「‥いいんだよ莉奈」

心の中で桜に話し掛けていた莉奈に、蒼の声が入ってきた。

「え‥?ごめん何?」

「友達の所に‥莉奈の世界に帰ってもいいんだよ」

優しい笑顔で蒼は言った。

蒼と一緒にいたい‥
でも‥私はいつか帰らなきゃいけない

莉奈の考えている事が伝わったのか、蒼は走り続ける馬車の扉を開けた。

「本当は初めから帰る方法も分かっていた‥ただ‥離れたくなかった。
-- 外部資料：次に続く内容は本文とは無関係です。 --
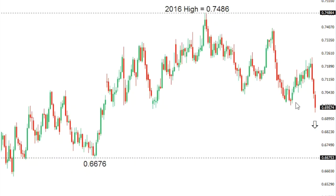Kiwi dollar. Kiwi continues to break lower over the past several weeks, and this latest breakdown below 70 opens the door for the next major downside extension towards medium-term support, which comes in at 66.76.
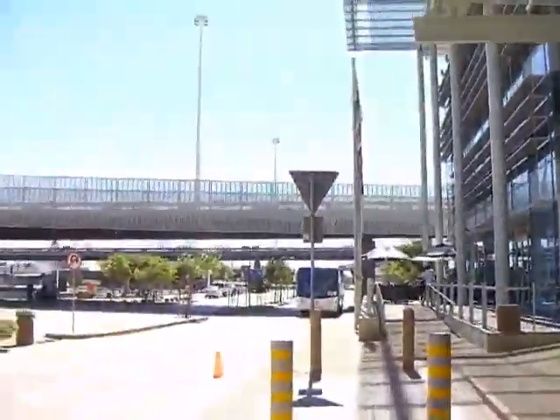So here we are. Cape Town, 2011, March. It's a beautiful day, isn't it? It's very hot, actually, for other people.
」

莉奈の手を握り、蒼は泣いた。

「君に会えて幸せだった。神がきっと‥君と逢わせてくれたんだ。」

莉奈も、そう思った。

蒼と出会うまで毎日が同じ繰り返し、みんな同じ格好で同じ話題‥

光の事が好きだと思っていた。
でも‥それは恋じゃなかったんだ。
ただカッコイイ彼氏が欲しかっただけ。
それを桜に取られたと思い込み、親友を信じる前に疑った‥私は間違っていた。

ただ一つだけ分かったんだ。
私が初めて恋したのは‥


蒼‥あなただよ。



開け放たれた馬車の扉。
外は晴れ、月が辺りを照らす。

蒼の手がそっと莉奈の背中に触れ、莉奈はギュッと指輪をはめた手に力を込めた。

「ありがとう‥莉奈」

泣いている蒼の顔が、少しだけ見えた気がした。